▶ **Problem details**
Keeping every word and mark, copy all of the data.

──────── Exercise data ────────

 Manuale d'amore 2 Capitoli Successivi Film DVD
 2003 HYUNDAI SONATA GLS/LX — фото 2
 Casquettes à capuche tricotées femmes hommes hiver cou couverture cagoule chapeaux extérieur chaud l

────────

▶ **Exercise result**
 Manuale d'amore 2 Capitoli Successivi Film DVD
 2003 HYUNDAI SONATA GLS/LX — фото 2
 Casquettes à capuche tricotées femmes hommes hiver cou couverture cagoule chapeaux extérieur chaud l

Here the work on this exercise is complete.